Sándor Schiferli, zoon van de bedenker van het woord frisdrank, stuurde naar aanleiding van mijn schets over internationale voedselvoorkeuren een mooi stuk van zijn hand. Hier in twee delen gepresenteerd.

Europeanen zijn pottenkijkers

Het verbaast mij meer en meer wanneer iemand het weer heeft over dé Italiaanse keuken, of over dé Spaanse, dé Franse, dé Hongaarse of dé Scandinavische keuken. Want bestaan die eigenlijk wel?

Hoewel het nationalisme er nog niet onder lijdt, proberen we wel op dit continent met z’n allen van Europa een eenheid te maken. Maar qua “keuken” waren wij dat natuurlijk al lang. Al eeuwen komen we bij elkaar op visite, en kijken we bij de ander in de keuken. We namen wat mee en we namen wat mee terug. Afgezien daarvan zijn veel ingrediënten die inhet kader van de nationale trots tot de “onze” worden beschouwd, afkomstig van ver buiten Europa. Denk maar aan de Belgische frieten, de Hollandse aardappel, de Hongaarse paprika, de Italiaanse rijst, de Franse courgette (en ga zo maar door).
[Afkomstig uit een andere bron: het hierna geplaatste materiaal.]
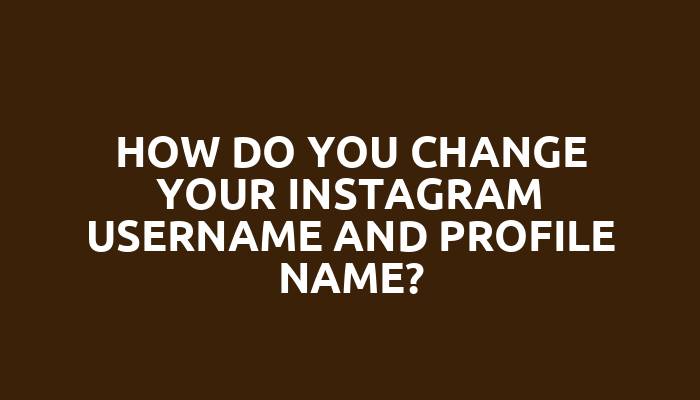 How do you change your Instagram username and profile name?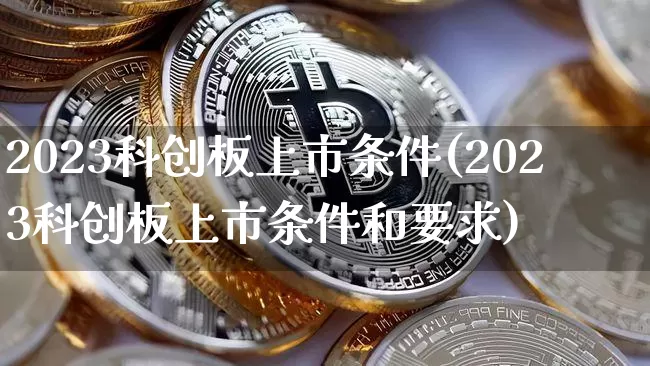 2023科创板上市条件(2023科创板上市条件和要求)_https://www.cangshenghg.com_创业板_第1张
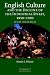 English Culture and the Decline of the Industrial Spirit, 18501980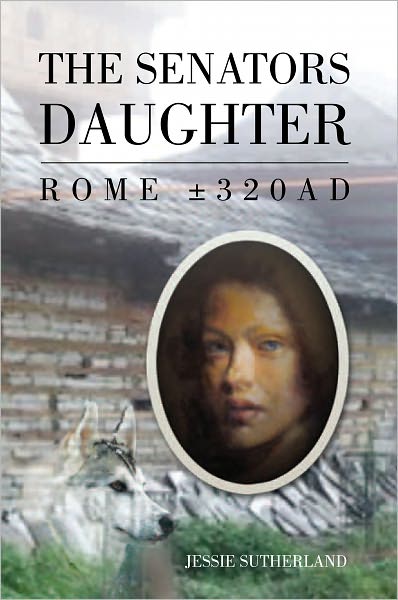 The Senators Daughter: ROME ±320AD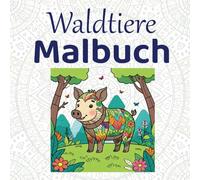 Waldtiere Malbuch - Malspaß für kleine Künstler: Einfaches Malbuch verschiedener Tiere zum Ausmalen für Kinder ab 4 Jahren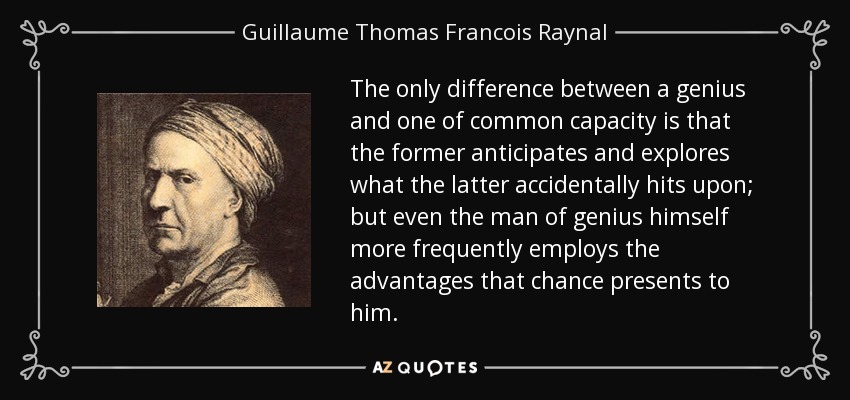 The only difference between a genius and one of common capacity is that the former anticipates and explores what the latter accidentally hits upon; but even the man of genius himself more frequently employs the advantages that chance presents to him. - Guillaume Thomas Francois Raynal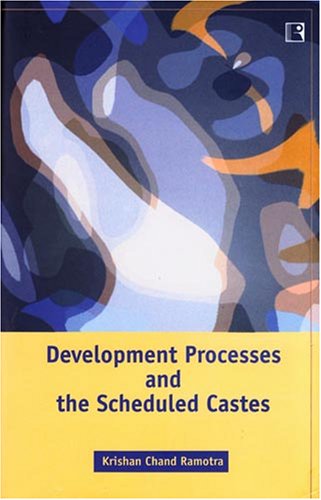 Development Processes and the Scheduled Castes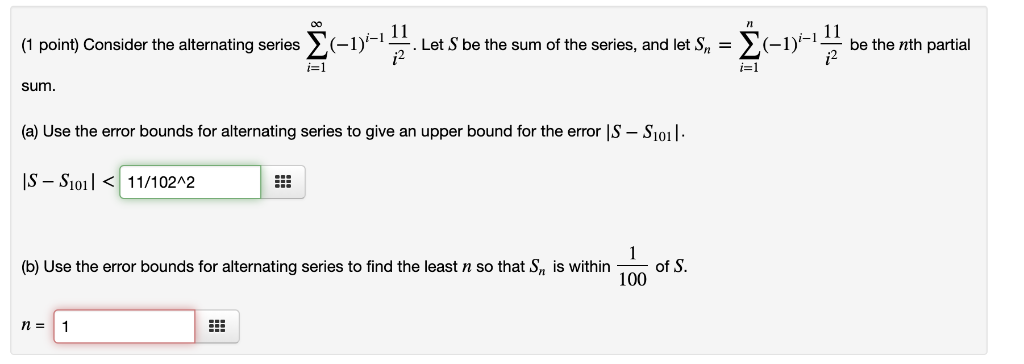 Solved (1 point Consider the alternating series Σ Σ㈠ 1 Let S | Chegg.com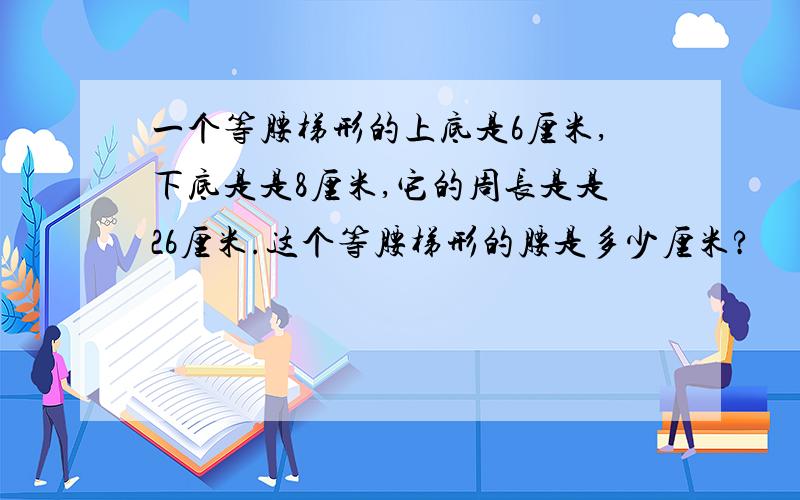 一个等腰梯形的上底是6厘米,下底是是8厘米,它的周长是是26厘米.这个等腰梯形的腰是多少厘米?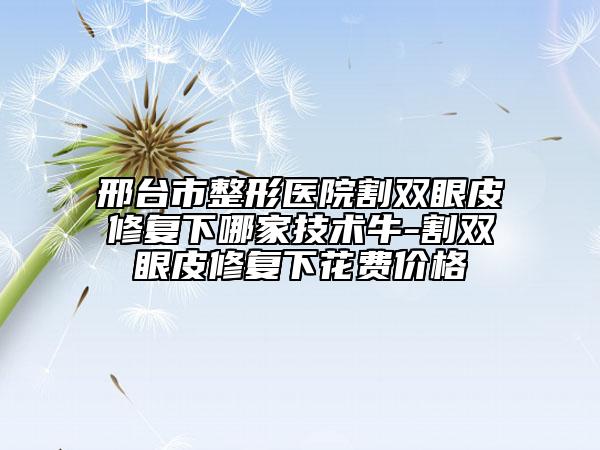 邢臺(tái)市整形醫(yī)院割雙眼皮修復(fù)下哪家技術(shù)牛-割雙眼皮修復(fù)下花費(fèi)價(jià)格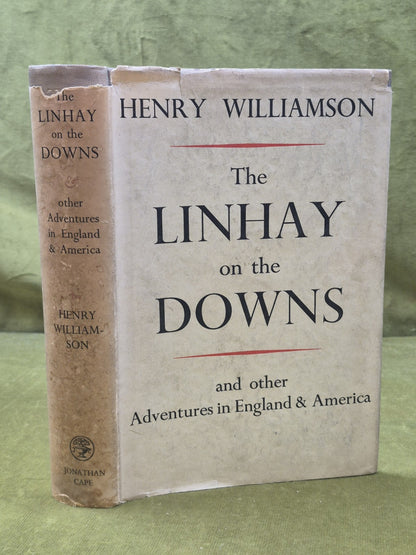 The Linhay on the Downs by Henry Williamson. 1934 1st Edition Jonathan Cape DJ0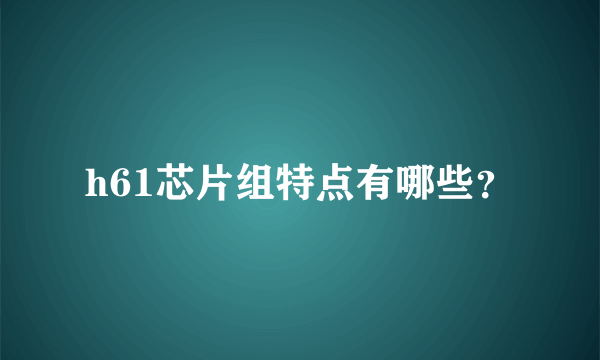 h61芯片组特点有哪些？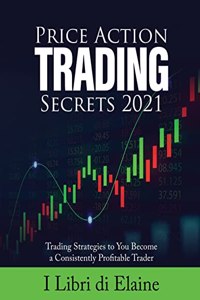 Price Action Trading Secrets 2021: Trading Strategies to You Become a Consistently Profitable Trader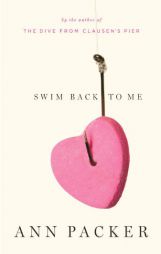 Swim Back to Me: Stories by Ann Packer Paperback Book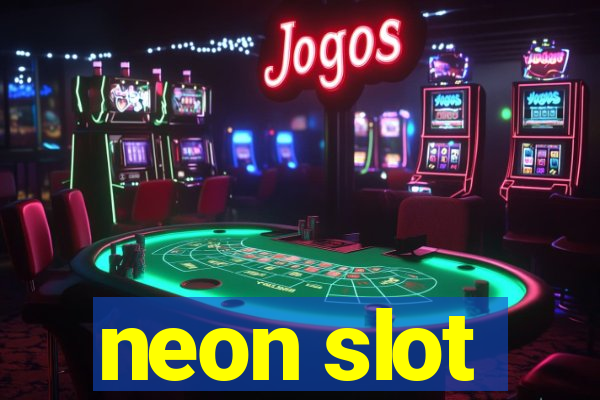 neon slot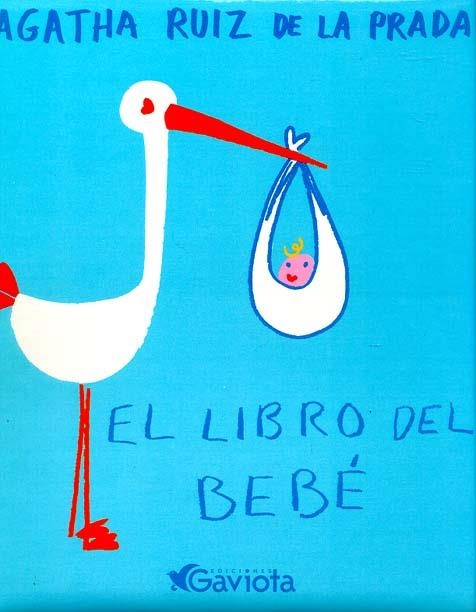 LIBRO DEL BEBE, EL | 9788439206712 | RUIZ DE LA PRADA, AGATHA | Librería Castillón - Comprar libros online Aragón, Barbastro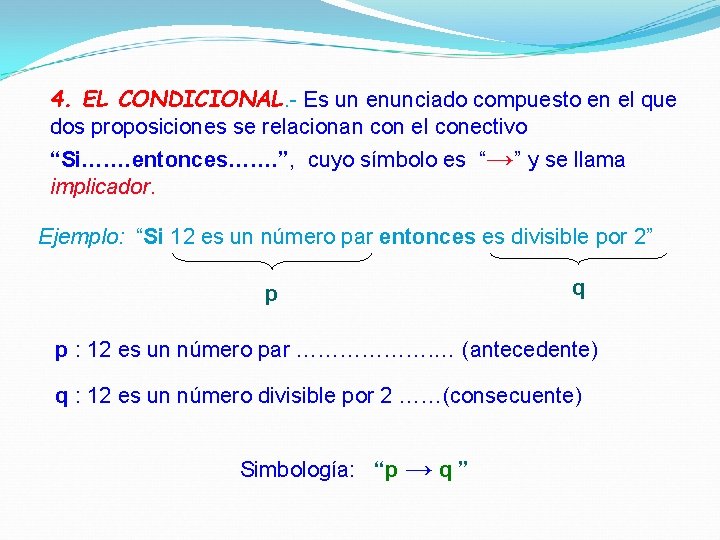 4. EL CONDICIONAL. - Es un enunciado compuesto en el que dos proposiciones se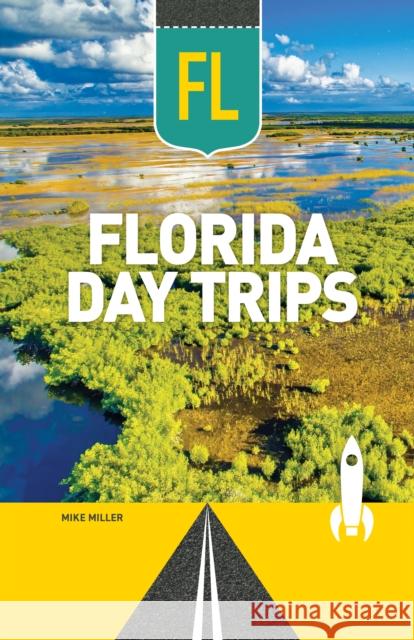 Florida Day Trips Mike Miller 9781647555597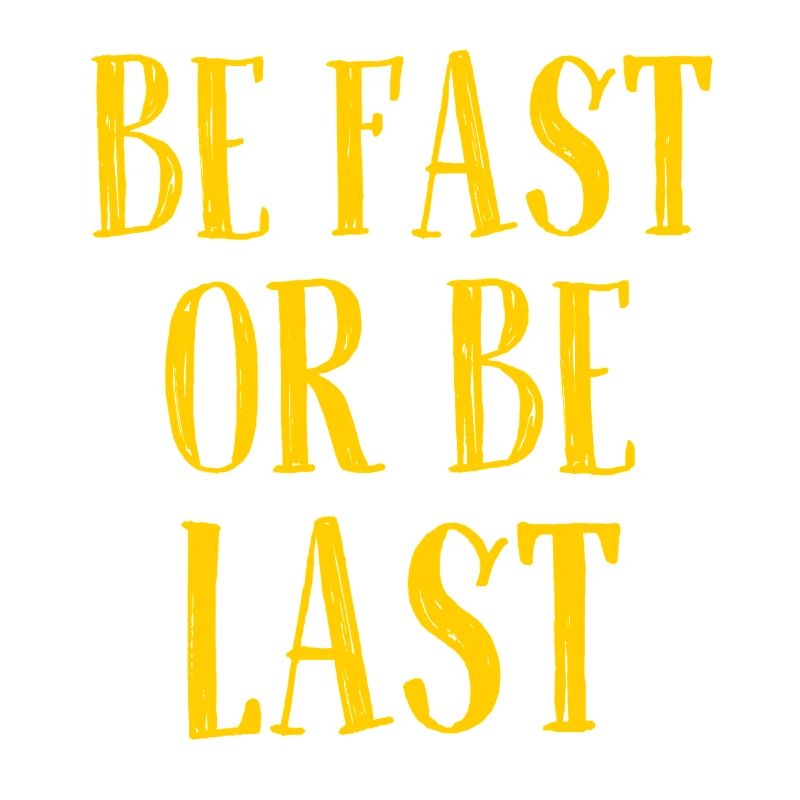 Be fast or be last - Sei schnell oder sei Letzter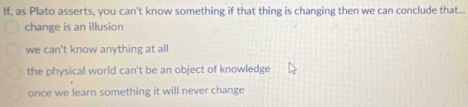 If, as Plato asserts, you can't know something if that thing is changing then we can conclude that...
change is an illusion
we can't know anything at all
the physical world can't be an object of knowledge
once we learn something it will never change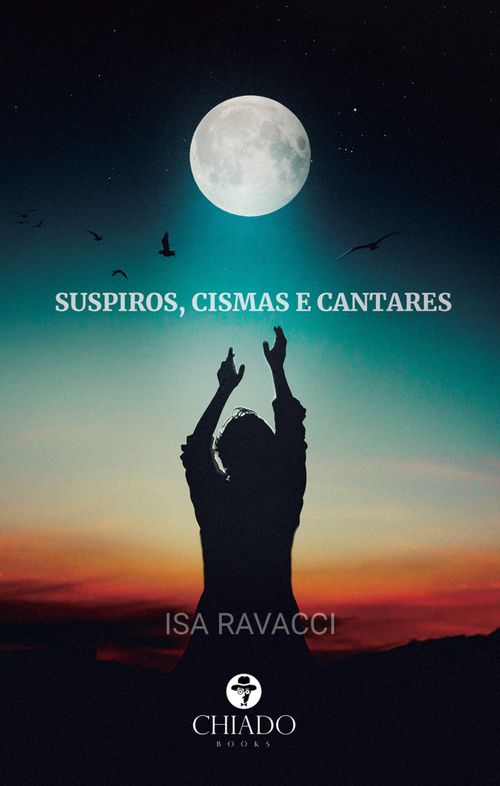 Suspiros, cismas e cantares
Dus waar hebben we het eigenlijk over.

Maar goed. Om met een klein, nationalistisch en gevoelig punt te beginnen: Mijn Hongaarse moeder riep eens vol trots dat haar verdienstelijke komkommersalade echt iets speciaals uit Hongarije is. “Nee hoor”, riep haar Zweedse schoondochter: “dit recept ken ik ook, van mijn grootmoeder, dit is typisch Zweeds, echt waar!” Ik moet er bij vermelden (we hebben ook nog familie in Frankrijk en Duitsland) dat de familieband geen schade heeft ondervonden door dit soort conversaties. Waar ik dus eigenlijk heen wil met dit schrijven, is de bewering dat wij beter kunnen spreken van één Europese keuken (wij gebruiken immers met z’n allen dezelfde technieken én etenswaren) maar dan wel met de landelijke eigen”aardig”heden. Door een ander klimaat en een andere bodem gedijen bepaalde producten nu eenmaal beter op de ene plek dan de andere.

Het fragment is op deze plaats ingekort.